Berman's receipt of that award set off a series of events involving these parties, including a congressional hearing and a criminal investigation, the ultimate result of which events is the instant litigation. Pl.'s Stmt. of Material Facts ¶ 24. In January 2003, the United States filed suit against POGO and Berman alleging that they had both violated 18 U.S.C. § 209(a) by making and receiving, respectively, the public service award. The United States moved for summary judgment, and the district court granted that motion, explaining in its brief order that the decision was based "'substantially [upon] the reasons set forth in Plaintiff's memorandum in support.'" POGO I, 454 F.3d at 308. The district court then certified the decision for immediate interlocutory appeal. Id.
POGO promptly appealed that decision and the D.C. Circuit ultimately ruled in its favor in POGO I. The court first explained that § 209(a) does not "'prohibit payment for services rendered exclusively to private persons or organizations . . . which have no connection with the services rendered to the Government.'" Id. at 309 (quoting United States v. Muntain, 610 F.2d 964, 970 n.5 (D.C. Cir. 1979)) (emphasis added). Instead, § 209(a) is only violated when there is an "'intentional, direct link between the outside compensation and the employee's government service.'" Id. (quoting Application of 18 U.S.C. § 209 to Employee-Inventors Who Receive Outside Royalty Payments, Op. Off. Legal Counsel, U.S. Dep't of Justice, 2000 WL 33952879 (Sept. 5, 2000)). Thus, as the court saw it, the crucial issue before it was not simply whether POGO paid Berman any sum of money (which it undeniably did), but whether the public service award was rendered to him in connection with his government service. Id. at 310.
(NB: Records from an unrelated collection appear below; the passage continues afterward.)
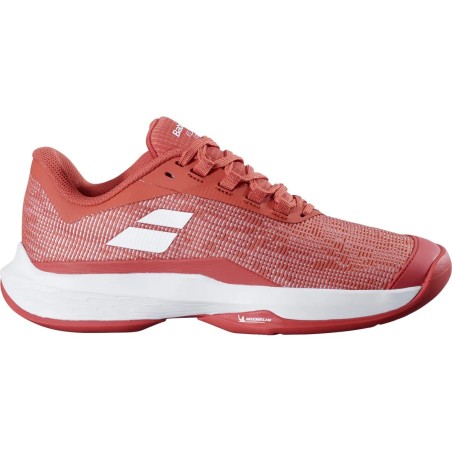 BABOLAT JET TERE 2 ALL COURT WOMEN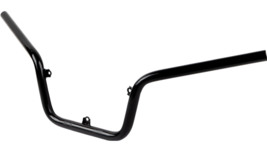 New Moose Utility Handlebars For 2005-2021 Kawasaki KVF750 Brute Force 7... - $46.95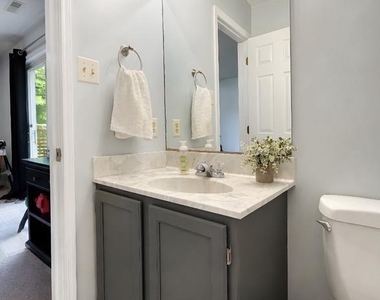 20900 Mauvy Moss Place - Photo Thumbnail 27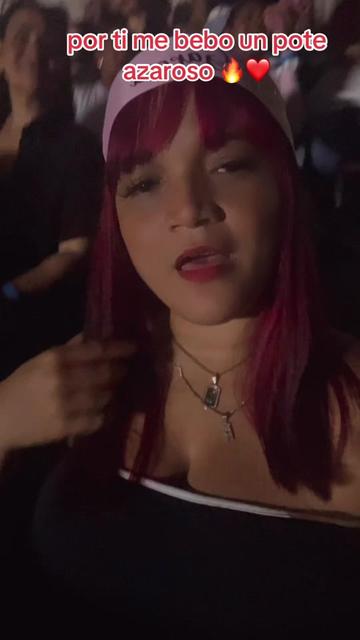 @Rousb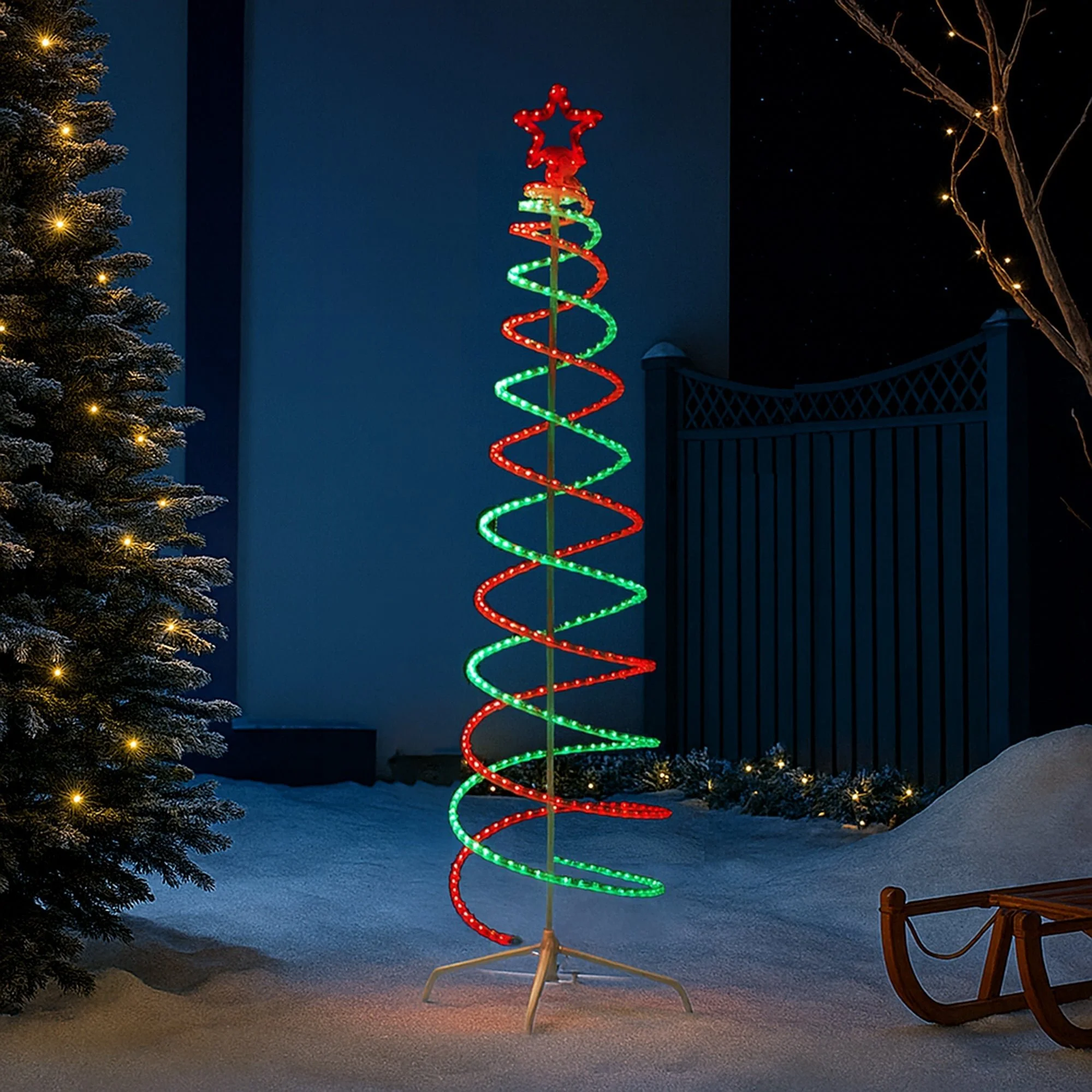 LLOUT01RG-2-1m-led-double-spiral-tree-red-and-green-lexi-lighting-05.jpg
The United States maintained that "POGO paid Mr. Berman because of the work he had done for Interior and for his assistance to POGO in connection with that work." Id. (internal citations omitted). POGO, on the other hand, characterized the payment "not as compensation for Berman's government work, but . . . [as] recognition of whistle-blowing that assertedly was outside the scope of that work." Id. (emphasis added). The government's case against Berman and POGO was "strong," the court reasoned, but not appropriate for summary disposition. Id. at 313. Specifically, POGO maintained that "it neither said nor meant . . . [to] compensate [Berman] for his government work." Id. at 312. Instead, according to POGO, "as referenced in the Board minutes, transmittal letter, and draft press release," the public service award was given to Berman for "work as an 'internal whistle-blower who went well beyond his official duties to defend the taxpayers' interests.'" Id. The D.C. Circuit held that because so "much of POGO's defense hinges on the credibility of Berman and Brian," the district court erred in granting summary judgment because a court cannot make such credibility determinations at the summary judgment stage. Id. at 313. Consequently, the court could not "say that 'no reasonable jury could return a verdict for POGO.'" Id. The case was therefore remanded for further proceedings.*fn3
By the time of the D.C. Circuit's opinion, the original district judge had retired and the case was consequently reassigned to the undersigned judge on remand. POGO then moved to dismiss on statute of limitations grounds, which this Court denied. See United States v. Project on Gov't Oversight, 484 F. Supp. 2d 56. A trial date was then set. Now, citing "new" evidence that allegedly eliminates the credibility issues that the D.C. Circuit identified, the United States has again moved for summary judgment against both defendants. Defendants oppose that motion, and POGO adds two affirmative defenses that, in its view, also preclude summary judgment. Berman, who did not join in POGO's appeal, has moved for summary judgment in his own right. Section 209(a), he argues, does not apply to lump-sum payments as a matter of law. Thus, despite any factual disputes that may exist, Berman maintains that he is nevertheless entitled to summary judgment on that basis. The Court will now address to each motion in turn.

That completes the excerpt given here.